I am working through this problem, and looking at the answers provided below, I can't seem to understand how the answers are arrived at.

$$u(x,1)=A_0+\sum_{n=1}^\infty A_n\sinh(n)\cos(nx)=1+\cos(2x).$$ Equating coefficients of like terms, $$ A_n=\begin{cases} 1, & n=0,\\ 1/\sinh(2), & n=2,\\ 0 & \text{otherwise}. \end{cases} $$

For instance, for when $n = 0$ and equating coefficients of $A_0$:

I think that the summation on the left hand side is "gone" as the summation starts at $n = 1$, so to equate coefficients of $A_0$ it would be: $1 = 0$ as the RHS does not have any terms involving $A_0$. I can see that the way I am thinking is wrong, because how can $1 = 0$? But I can not seem to find any other way of equating these coefficients.
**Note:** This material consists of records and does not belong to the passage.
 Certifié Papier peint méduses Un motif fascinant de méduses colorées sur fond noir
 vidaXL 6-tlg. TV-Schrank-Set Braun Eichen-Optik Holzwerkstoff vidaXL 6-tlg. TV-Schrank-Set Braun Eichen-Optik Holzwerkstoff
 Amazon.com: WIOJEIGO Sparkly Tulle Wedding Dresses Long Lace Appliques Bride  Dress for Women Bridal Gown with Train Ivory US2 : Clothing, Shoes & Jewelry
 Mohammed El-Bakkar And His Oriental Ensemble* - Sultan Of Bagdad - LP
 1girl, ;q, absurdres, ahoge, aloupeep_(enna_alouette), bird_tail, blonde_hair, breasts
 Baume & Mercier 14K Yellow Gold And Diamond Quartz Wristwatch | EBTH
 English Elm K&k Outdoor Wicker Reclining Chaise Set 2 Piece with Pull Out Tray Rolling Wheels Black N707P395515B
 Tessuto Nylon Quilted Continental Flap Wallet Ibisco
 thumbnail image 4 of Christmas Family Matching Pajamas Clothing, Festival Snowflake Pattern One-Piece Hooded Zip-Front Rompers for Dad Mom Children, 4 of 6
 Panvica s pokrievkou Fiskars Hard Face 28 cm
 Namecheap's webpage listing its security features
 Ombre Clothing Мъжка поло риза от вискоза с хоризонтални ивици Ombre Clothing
I am also having trouble finding how they arrived at the given answer for $n =2$.

I appreciate your time and help,

thank you.

Answer 1

You are equating coefficients of $\cos(nx)$ (independent of $x$) in $$ A_0+\sum_{n=1}^\infty A_n\sinh(n)\cos(nx) = 1+\cos(2x) $$

• When $n=0$, $\cos(0x)\equiv1$, so this is just the constant term on both sides, i.e., $A_0=1$.
• When $n=1$, the coefficients of $\cos(x)$ in the LHS is $A_1\sinh(1)$, and RHS has no $\cos(x)$ term, so $A_1\sinh(1)=0$.
• When $n=2$, the coefficients of $\cos(2x)$ in the LHS is $A_2\sinh(2)$, and RHS gives $1$, so $A_2\sinh(2)=1$.
• Similarly $A_n\sinh(n)=0$ for $n\geq 3$.